-- Exercise aim --
Please output the listing below character for character and omit the images.

==== Information supplied

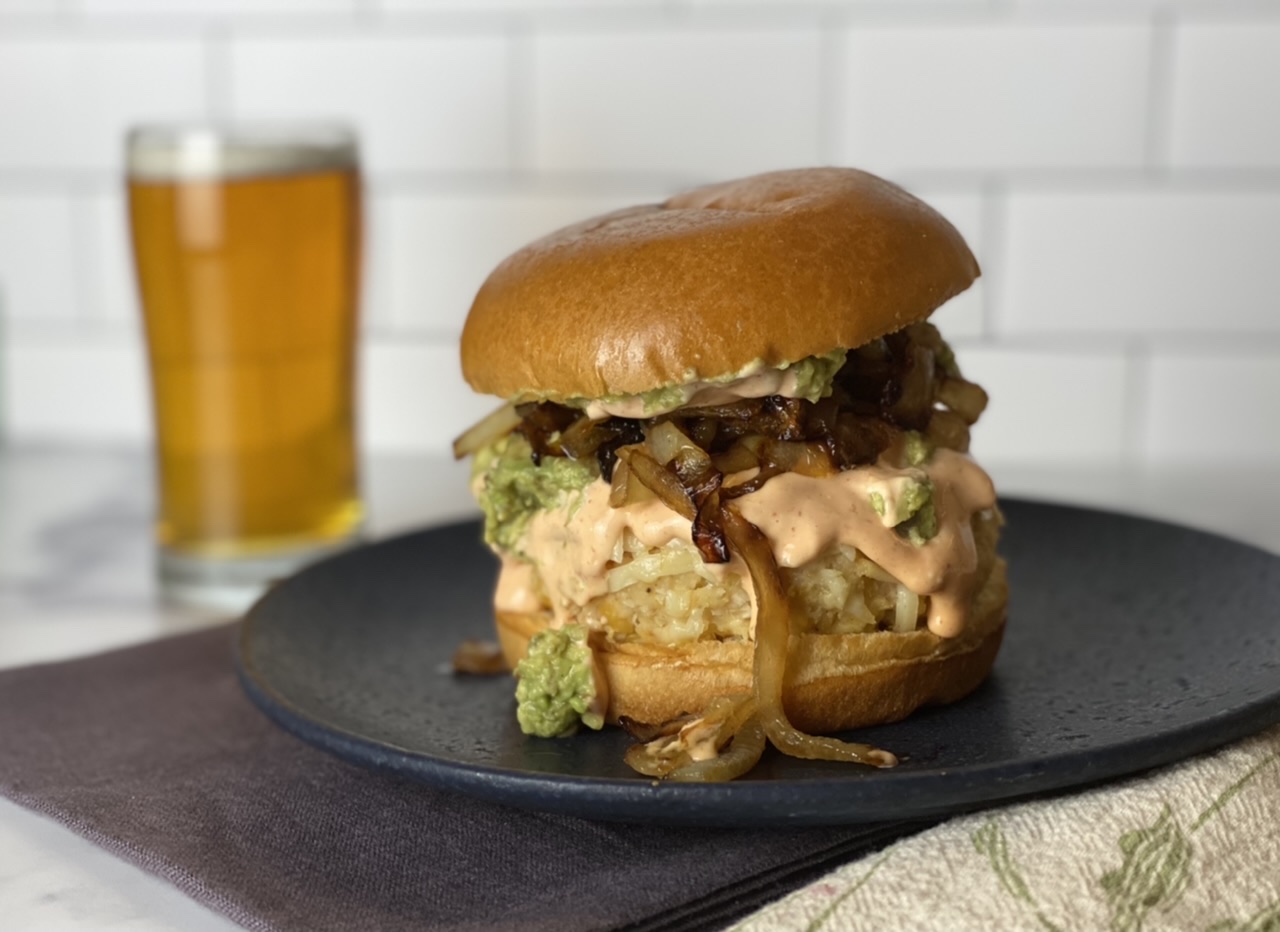 A4741C91 E391 46EB 9FF8 BEDDDF121804 - Smashed Avocado White Bean Burgers with Caramelized Onions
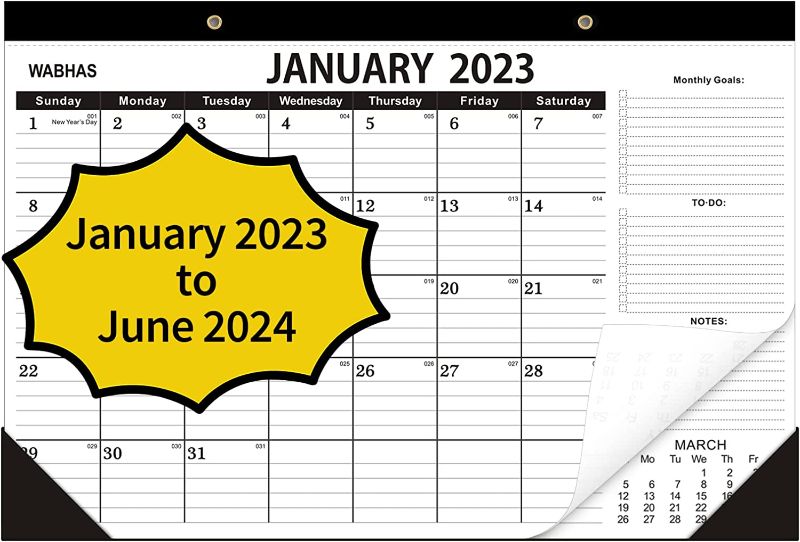 Photo 2 of Desk Calendar 2023 - January 2023- June 2024,18-Month Large Desk/Wall Calendars,17''X 12'',Perfect for Planning and Organizing Your Home, School or Office.
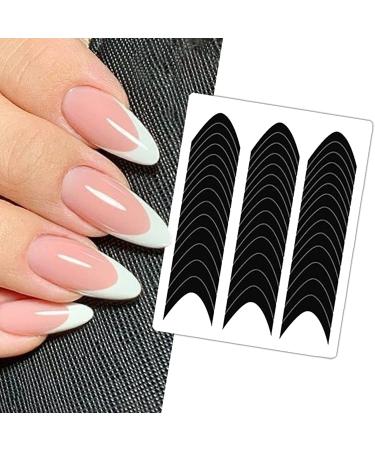 1512 Pcs French Tip Nail Guides  Self-Adhesive French Smile Manicure Strip Stickers for Edge Auxiliary Black DIY Decoration Stencil Tools(Moon Shape Design  36 Sheets) 36 Sheets  French Manicure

========

-- Output below --
 A4741C91 E391 46EB 9FF8 BEDDDF121804 - Smashed Avocado White Bean Burgers with Caramelized Onions
 Photo 2 of Desk Calendar 2023 - January 2023- June 2024,18-Month Large Desk/Wall Calendars,17''X 12'',Perfect for Planning and Organizing Your Home, School or Office.
 1512 Pcs French Tip Nail Guides  Self-Adhesive French Smile Manicure Strip Stickers for Edge Auxiliary Black DIY Decoration Stencil Tools(Moon Shape Design  36 Sheets) 36 Sheets  French Manicure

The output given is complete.